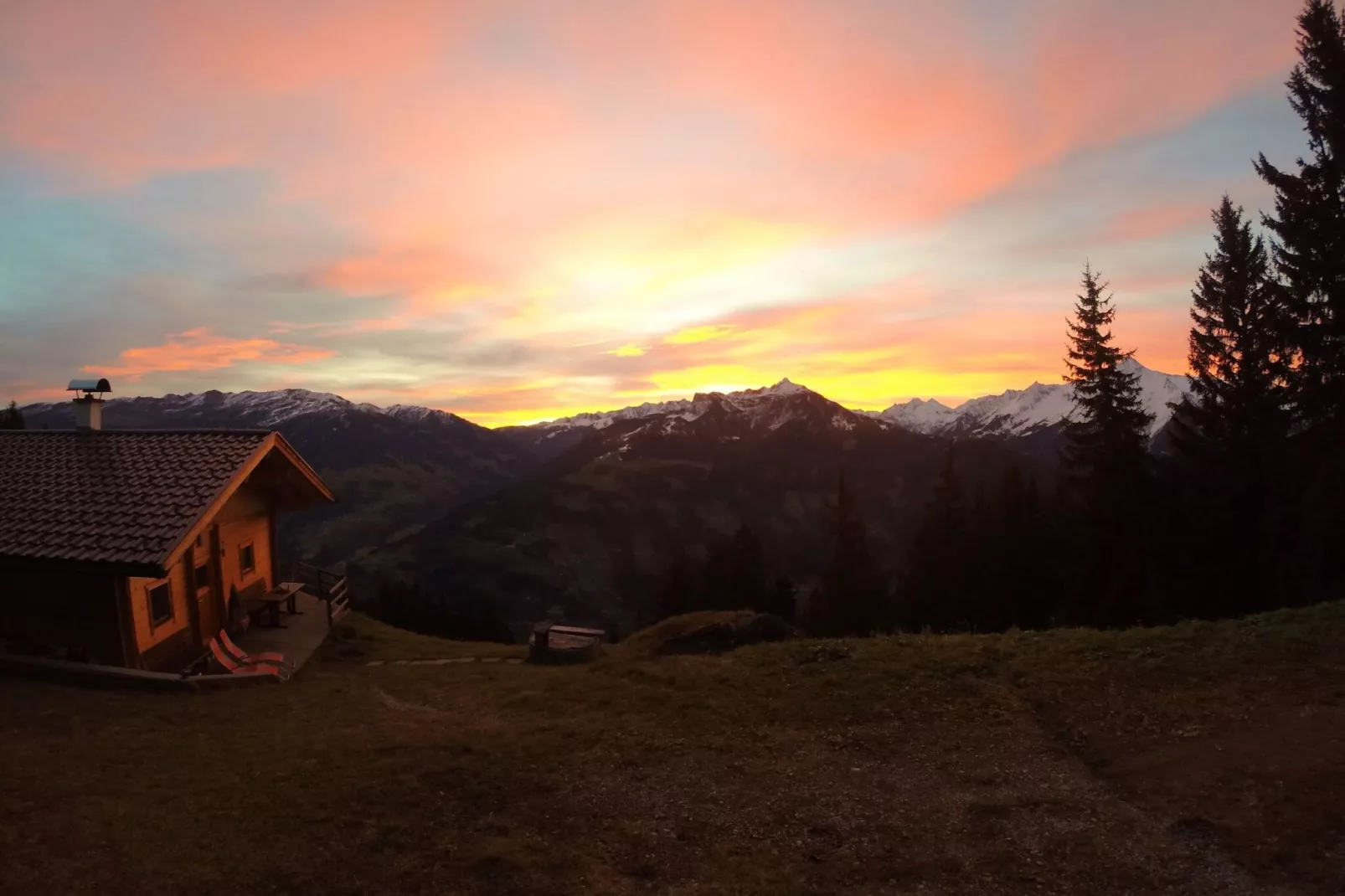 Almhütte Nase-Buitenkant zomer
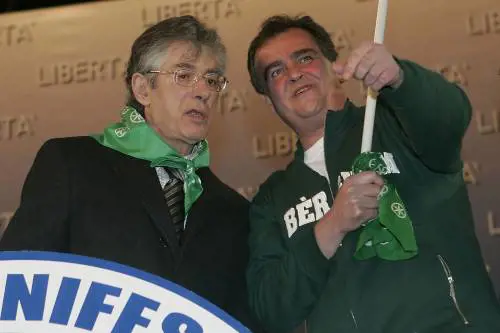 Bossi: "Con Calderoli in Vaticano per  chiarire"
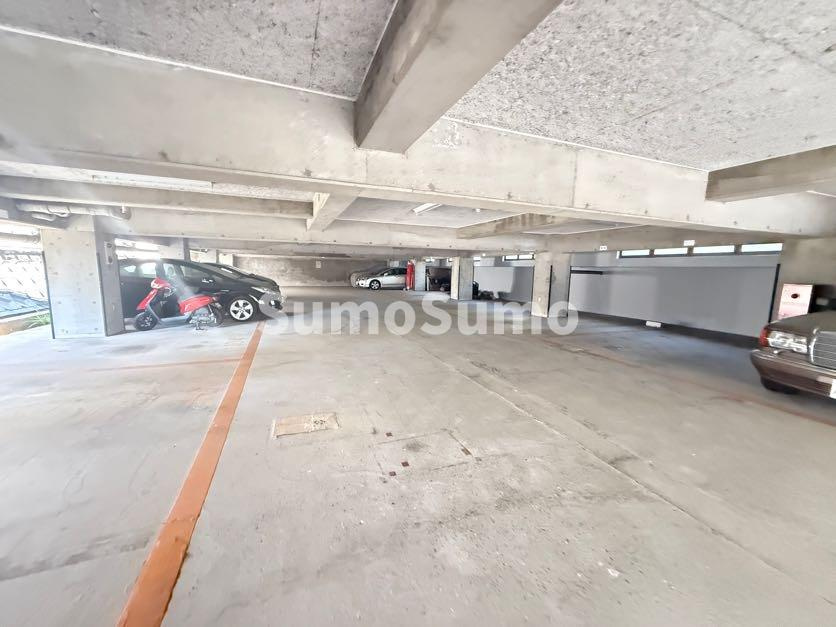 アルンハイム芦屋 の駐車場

■ WHAT THE TASK ASKS ■
With the images removed, write out all of the material above exactly.

■ REPLY ■
 Almhütte Nase-Buitenkant zomer
 Bossi: "Con Calderoli in Vaticano per  chiarire"
 アルンハイム芦屋 の駐車場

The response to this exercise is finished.